Today, I want to share a different kind of story, knowing that for months I have been writing about genocide, ethnic cleansing, terrorism, hunger, and land grabbing, all with urgency and legitimacy.

Today I would like to reflect on some personal moments of beauty and light that I renew each spring: memories of family and faith.

Many years ago, it was Palm Sunday, and many families gathered at our house after church.

Weathered and sturdy from years of working in the fields, mills, and factories, the women inside were hunched over. Everyone attended. Shit (grandmother). Aunts. Cousins. Mama and her sisters. Most people are dressed in their Sunday best, wrapped in large crisp starched aprons.

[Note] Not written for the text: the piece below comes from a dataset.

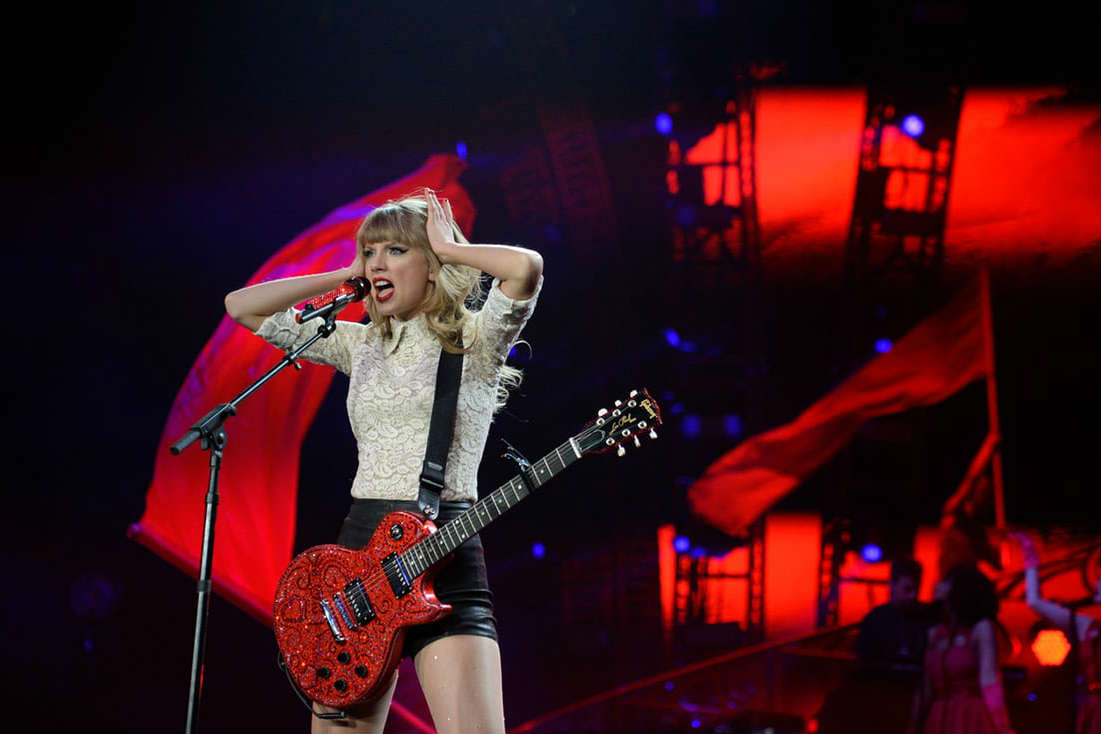 Like Taylor Swift, I Was Groped at Work. Men Must Wake Up to the Problem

The men have also gathered. They always had to keep tearing themselves away from sitting in the living room, with their calloused hands, weaving the traditional delicate designs for the door next year using the fresh palm leaves they brought home after attending Mass at Our Lady of the Cedars, smoking cigars, playing cards, drinking the coffee Mama made, and making Ma’amour (Arab Easter cookies) to make Ma’am happy.

Palm Sunday. Mr. Sitt had prepared the dough in advance.

Ready.

Walnuts were crushed, mixed with sugar and flavored with rosewater. The dates had been carefully pitted and ground in a meat grinder fixed to a sturdy wooden kitchen table. Then regrind.

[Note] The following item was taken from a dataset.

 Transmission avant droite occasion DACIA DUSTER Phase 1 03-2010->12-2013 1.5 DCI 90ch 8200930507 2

I still keep that grinder mounted on my kitchen table for sentimental reasons.

A card table was set up and covered with a white sheet. Additional chairs were being rented.

Everyone had a place.

Everyone was ready.

It was an annual tradition. Some women roll small discs of dough, others stuff them with dates and nuts and fold the tops to create a bulging half-circle, while others carefully crimp the edges and decorate the tops with earring patterns made from small tin tools that Dad made in his basement workshop.

I still have one of those tools.

Later that night, after Ma’amour had given her some time, Shitto baked cookies on her old green garland wood stove (she wouldn’t trust anyone else to do it). I deftly slid the cookies in and out on the very old and worn bark of the tree. I think she probably brought it with her when she emigrated from Syria in the early 20th century.

Everything was baked perfectly.

There is no timer. Just instinct.

Differences in the design of the earrings distinguish date cookies from nuts.

On Monday, the cookies, dusted with powdered sugar and carefully packaged in tins where they had been stored for the past year, were handed out to each family who helped make them, each receiving a share.

I liked the one with walnuts in it. The taste is still there.

In the early 1990s, probably long after I embraced Islam, I remember being in the souks (markets) of Cairo and Damascus in the spring, when Easter and Ramadan coincided. The bazaar was full. Christian shopkeepers welcomed Muslims, Muslim shopkeepers served Christians, and richly decorated church candles and Ramadan lanterns competed for space in shop windows.

Today, I am filled with memories of such stories of salvation and am so grateful to all of you for giving me the opportunity to share them and reaffirm my belief in the unity that sustains us all. Achieving social justice is difficult for all, but the example of the prophets inspires us to action.

Easter cookie logo. Cup of coffee, Torah, vigil, resistance logo.

logo.

Alleluia.

Alhamdulillah.

Robert Azzi is a photographer and writer living in Exeter. You can follow him at robertazzitheother.substack.com.